The complaint alleged that BLM failed to take a “hard look” at the environmental impacts of removing the horses, as required by NEPA, while still allowing cattle to graze in the area. In essence, the lawsuit says BLM violated its multiple-use mandate by choosing livestock over wild horses.
But Howell concluded in a memorandum opinion issued late yesterday that BLM acted appropriately in determining that the excess horses need to be removed to protect federal rangelands and the health of the animals themselves.
“BLM’s 2018 Gather Decision was issued after the agency took a sufficiently ‘hard look’ at the environmental impacts of that action, considered reasonable alternatives, and disclosed relevant environmental information to the public to enable participation in the process,” Howell wrote in her 45-page opinion.
Howell, an Obama appointee, also rejected arguments that BLM should have considered simultaneously reducing the number of livestock grazing in the herd area.

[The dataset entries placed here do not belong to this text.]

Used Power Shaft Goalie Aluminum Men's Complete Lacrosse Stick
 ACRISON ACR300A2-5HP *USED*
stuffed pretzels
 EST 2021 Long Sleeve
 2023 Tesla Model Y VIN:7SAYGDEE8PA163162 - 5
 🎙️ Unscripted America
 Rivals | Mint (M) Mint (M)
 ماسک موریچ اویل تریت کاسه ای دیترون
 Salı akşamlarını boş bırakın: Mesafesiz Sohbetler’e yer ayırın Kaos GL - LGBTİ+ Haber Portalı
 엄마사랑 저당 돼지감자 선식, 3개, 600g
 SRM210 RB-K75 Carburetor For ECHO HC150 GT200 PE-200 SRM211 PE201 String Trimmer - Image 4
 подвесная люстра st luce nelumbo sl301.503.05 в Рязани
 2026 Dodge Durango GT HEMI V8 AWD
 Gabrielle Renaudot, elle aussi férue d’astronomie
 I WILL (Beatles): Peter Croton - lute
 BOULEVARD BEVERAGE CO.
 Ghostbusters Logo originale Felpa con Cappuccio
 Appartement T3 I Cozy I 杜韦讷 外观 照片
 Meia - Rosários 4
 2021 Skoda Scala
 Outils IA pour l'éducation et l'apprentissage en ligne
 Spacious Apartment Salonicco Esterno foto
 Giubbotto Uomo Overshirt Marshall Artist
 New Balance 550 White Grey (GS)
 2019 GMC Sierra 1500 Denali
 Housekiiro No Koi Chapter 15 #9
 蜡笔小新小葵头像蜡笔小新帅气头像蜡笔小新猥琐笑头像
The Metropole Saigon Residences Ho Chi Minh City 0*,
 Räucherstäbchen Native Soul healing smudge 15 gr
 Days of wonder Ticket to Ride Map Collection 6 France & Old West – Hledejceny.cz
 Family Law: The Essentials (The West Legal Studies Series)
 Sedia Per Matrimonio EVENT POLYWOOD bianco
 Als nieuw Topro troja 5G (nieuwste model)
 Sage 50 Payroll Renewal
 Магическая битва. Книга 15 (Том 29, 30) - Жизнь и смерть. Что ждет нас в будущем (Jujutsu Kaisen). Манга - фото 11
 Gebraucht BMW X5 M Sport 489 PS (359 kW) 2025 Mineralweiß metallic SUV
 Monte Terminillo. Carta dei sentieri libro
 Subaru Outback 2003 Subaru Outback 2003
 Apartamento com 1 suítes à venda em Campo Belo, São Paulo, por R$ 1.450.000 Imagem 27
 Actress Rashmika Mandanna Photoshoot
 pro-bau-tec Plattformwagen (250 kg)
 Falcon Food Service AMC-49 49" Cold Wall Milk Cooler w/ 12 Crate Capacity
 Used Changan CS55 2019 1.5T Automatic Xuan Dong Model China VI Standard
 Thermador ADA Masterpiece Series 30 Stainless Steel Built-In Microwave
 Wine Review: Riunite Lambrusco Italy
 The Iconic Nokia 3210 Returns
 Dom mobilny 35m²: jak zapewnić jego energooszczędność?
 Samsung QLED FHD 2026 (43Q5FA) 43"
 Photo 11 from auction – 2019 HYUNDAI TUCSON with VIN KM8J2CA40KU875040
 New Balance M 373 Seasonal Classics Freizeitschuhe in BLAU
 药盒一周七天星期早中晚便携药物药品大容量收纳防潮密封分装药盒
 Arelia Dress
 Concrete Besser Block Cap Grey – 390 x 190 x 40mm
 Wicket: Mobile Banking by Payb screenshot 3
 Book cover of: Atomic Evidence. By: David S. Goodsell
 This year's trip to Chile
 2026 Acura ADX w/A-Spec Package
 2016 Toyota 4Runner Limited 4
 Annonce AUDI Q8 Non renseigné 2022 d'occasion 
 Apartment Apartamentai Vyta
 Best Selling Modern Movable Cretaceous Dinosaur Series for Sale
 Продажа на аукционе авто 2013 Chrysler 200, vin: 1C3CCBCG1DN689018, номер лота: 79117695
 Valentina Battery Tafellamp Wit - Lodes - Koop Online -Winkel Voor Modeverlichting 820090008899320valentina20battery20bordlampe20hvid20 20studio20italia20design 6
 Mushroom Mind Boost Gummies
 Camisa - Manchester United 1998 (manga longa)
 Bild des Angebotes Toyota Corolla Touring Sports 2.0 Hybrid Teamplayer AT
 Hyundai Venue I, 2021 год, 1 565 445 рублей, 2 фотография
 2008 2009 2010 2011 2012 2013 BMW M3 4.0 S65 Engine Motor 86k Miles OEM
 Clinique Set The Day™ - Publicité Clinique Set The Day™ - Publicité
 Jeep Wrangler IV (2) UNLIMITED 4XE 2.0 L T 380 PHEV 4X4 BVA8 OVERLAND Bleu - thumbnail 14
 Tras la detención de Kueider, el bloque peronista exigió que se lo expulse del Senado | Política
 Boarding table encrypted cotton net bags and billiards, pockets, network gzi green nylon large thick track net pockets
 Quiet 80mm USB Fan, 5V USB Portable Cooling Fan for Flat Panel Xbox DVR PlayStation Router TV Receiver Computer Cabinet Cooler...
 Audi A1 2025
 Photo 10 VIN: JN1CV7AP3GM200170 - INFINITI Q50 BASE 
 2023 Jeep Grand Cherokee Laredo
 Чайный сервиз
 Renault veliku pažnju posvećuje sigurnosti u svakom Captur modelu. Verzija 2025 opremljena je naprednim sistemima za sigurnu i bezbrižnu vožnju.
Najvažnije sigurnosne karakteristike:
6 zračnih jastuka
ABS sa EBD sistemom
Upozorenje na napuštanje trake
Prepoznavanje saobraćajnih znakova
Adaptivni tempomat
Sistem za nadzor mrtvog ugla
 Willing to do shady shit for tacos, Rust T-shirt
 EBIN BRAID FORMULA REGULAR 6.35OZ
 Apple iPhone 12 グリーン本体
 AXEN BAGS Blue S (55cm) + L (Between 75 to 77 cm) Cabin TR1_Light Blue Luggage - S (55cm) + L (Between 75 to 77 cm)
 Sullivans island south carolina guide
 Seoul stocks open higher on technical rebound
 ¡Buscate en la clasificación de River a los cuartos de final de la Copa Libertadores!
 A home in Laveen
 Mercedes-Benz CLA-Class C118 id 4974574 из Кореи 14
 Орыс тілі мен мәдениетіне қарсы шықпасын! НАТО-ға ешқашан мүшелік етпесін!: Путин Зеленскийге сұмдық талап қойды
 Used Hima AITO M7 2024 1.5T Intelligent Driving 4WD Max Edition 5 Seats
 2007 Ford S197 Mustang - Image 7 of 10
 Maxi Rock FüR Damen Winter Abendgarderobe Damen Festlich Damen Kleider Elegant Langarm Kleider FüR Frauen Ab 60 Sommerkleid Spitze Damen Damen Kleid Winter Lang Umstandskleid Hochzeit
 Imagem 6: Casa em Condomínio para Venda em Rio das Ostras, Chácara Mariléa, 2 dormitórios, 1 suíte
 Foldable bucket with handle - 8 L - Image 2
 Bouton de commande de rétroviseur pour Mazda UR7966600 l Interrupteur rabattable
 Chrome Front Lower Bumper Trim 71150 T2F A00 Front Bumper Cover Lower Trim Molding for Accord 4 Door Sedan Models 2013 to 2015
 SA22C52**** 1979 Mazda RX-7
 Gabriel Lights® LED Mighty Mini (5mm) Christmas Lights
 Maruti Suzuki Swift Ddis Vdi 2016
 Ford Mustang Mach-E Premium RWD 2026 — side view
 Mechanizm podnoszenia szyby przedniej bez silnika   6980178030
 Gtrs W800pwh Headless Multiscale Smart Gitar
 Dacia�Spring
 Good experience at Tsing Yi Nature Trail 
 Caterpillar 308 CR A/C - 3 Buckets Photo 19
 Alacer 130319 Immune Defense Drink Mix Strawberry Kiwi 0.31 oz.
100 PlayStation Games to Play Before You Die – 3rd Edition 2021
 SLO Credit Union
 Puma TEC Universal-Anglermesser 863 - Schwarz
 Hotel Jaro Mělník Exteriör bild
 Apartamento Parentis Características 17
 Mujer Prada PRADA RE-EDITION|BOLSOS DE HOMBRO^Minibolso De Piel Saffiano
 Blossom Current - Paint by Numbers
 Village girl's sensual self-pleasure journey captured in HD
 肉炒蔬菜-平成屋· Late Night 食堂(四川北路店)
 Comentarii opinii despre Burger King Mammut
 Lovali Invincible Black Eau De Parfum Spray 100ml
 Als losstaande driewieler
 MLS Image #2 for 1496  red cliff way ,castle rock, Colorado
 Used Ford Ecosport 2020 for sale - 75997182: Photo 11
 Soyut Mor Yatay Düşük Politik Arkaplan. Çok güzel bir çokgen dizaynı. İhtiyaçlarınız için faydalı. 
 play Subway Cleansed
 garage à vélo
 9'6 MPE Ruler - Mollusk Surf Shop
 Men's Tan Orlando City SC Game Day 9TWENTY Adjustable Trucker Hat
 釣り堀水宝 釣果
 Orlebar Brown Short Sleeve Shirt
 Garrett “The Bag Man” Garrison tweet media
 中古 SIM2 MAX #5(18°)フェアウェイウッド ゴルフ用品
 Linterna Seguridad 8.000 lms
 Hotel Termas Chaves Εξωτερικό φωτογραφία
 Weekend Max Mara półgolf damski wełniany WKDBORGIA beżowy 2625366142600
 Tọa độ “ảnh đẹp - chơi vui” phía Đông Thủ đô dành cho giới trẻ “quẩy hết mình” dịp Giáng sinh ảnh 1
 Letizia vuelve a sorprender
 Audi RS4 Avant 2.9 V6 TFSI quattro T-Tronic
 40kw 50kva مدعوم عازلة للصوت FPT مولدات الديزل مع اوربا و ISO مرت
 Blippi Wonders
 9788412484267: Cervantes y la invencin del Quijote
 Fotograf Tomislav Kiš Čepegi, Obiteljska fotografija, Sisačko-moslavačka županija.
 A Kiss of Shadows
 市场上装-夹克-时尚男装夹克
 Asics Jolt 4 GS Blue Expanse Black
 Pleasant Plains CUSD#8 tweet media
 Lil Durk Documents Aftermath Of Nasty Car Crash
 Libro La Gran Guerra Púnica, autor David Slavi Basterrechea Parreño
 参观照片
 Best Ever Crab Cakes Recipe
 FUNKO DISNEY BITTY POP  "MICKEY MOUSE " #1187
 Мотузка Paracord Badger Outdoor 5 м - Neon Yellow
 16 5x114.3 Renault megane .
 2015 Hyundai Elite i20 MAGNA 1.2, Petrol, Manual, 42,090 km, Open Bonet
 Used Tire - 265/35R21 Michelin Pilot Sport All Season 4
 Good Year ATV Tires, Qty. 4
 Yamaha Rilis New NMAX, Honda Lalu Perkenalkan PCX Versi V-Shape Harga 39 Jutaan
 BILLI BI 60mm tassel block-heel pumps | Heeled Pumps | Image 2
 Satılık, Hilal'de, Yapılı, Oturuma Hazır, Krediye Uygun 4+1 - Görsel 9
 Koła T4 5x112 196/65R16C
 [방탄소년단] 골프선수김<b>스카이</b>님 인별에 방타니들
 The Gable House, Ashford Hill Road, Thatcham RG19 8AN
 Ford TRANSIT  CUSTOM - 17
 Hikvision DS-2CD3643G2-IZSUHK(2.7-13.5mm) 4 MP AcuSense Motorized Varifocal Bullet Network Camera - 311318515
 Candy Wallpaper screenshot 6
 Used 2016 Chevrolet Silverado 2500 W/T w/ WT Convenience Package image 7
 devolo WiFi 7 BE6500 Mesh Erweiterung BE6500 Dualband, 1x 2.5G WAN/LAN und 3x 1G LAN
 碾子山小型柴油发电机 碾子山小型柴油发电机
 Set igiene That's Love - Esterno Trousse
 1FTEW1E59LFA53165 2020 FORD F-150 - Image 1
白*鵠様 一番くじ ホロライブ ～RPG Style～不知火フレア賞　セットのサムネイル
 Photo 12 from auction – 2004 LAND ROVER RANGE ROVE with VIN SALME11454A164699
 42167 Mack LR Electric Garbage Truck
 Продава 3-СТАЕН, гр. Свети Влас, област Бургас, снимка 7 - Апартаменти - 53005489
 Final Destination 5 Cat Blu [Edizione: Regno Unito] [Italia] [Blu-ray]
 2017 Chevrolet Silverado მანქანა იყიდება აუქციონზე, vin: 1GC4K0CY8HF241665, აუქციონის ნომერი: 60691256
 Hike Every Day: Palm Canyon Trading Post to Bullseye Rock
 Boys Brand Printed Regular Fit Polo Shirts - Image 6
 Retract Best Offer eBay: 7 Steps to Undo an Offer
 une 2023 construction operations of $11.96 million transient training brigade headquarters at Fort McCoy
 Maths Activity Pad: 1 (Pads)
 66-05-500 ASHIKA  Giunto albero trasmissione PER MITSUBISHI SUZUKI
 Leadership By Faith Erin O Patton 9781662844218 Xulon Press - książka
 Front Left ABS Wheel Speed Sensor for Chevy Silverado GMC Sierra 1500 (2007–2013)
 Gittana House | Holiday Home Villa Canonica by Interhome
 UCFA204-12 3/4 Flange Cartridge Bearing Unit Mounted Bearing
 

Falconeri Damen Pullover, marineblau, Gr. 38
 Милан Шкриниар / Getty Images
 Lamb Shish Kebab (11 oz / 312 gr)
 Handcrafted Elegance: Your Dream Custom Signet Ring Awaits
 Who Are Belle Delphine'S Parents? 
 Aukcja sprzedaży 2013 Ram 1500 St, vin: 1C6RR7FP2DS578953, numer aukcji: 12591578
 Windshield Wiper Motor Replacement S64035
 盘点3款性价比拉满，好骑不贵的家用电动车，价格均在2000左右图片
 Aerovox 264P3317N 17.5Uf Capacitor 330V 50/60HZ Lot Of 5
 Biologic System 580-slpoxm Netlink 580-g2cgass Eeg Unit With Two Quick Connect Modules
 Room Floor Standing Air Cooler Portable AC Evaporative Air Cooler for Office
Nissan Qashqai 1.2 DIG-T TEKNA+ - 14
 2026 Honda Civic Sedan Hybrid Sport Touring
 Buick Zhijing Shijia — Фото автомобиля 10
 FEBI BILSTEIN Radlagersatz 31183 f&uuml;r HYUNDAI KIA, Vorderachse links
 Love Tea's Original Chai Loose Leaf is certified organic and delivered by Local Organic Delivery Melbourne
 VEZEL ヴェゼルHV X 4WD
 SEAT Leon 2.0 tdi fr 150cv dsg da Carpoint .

She also discarded challenges to BLM’s decision in 2008 to revise a resource management plan that concluded the Caliente area would no longer “be managed for wild horses” — a decision that led to an initial roundup of 308 horses a year later.
“Yet, the plaintiffs never challenged the 2008 decision to manage the Caliente Complex for no horses nor the gather conducted in 2009,” she wrote. “Even now, the plaintiffs do not argue that the current wild horse population is sustainable or that the agency action is unnecessary.
“Nonetheless, the plaintiffs challenge BLM’s 2018 decision that removal of all wild horses from the Caliente Complex is currently necessary, and belatedly challenge BLM’s 2008 decision to manage the Caliente Complex for no horses,” she added. “Put another way, the plaintiffs have initiated this lawsuit ten years after BLM made the key determination that the Caliente Complex cannot support wild horses.”
Thus, Howell concluded that although the groups’ “concern for wild horses appears to be heartfelt … the time limit for challenging BLM’s 2008 decision expired years ago.”
BLM and the Interior Department do not publicly comment on matters related to ongoing litigation.
But William Eubanks, a Washington-based attorney for the coalition of groups, said in a statement that they are considering additional action.
“Nothing in BLM’s 2008 Resource Management Plan or its 2018 Environmental Assessment seriously analyzes — let alone explains — how these vast areas of public lands cannot sustain even a single federally protected wild horse but at the same time can support thousands of privately owned cattle and sheep that continue to damage the range,” Eubanks said in his statement.
“As a result, we are considering our options in light of the court’s opinion.”
Howell’s opinion comes at a time when BLM has said it needs to take serious action to reduce growing wild horse herds that are trampling federal rangelands across the West.
There are nearly 90,000 wild horses and burros on roughly 27 million acres of federal herd management areas — more than three times the level BLM says that rangelands can support without damaging vegetation, soils and other resources.
BLM acting chief William Perry Pendley has come under fire for calling the current population of wild horses an “existential threat” to the health of federal rangelands. Critics have noted Pendley’s characterization of the issue ignores the impacts of increased oil and gas drilling, livestock grazing, and climate change.
President Trump’s proposed fiscal 2021 budget released this week would boost funding for BLM’s Wild Horse and Burro Program by $15.3 million to $116.8 million from $101.5 million.
The budget proposal would also authorize Interior Secretary David Bernhardt to “implement a program that uses a combination of techniques or treatments,” all nonlethal, to reduce herd sizes to sustainable levels.
Nevada is home to more wild horses on federal lands than any state, with more than 47,000 horses and burros roaming some 14 million acres of herd management areas.
E&E News last year toured herd management areas in northeast Nevada and found that sufficient forage and water are in scarce supply.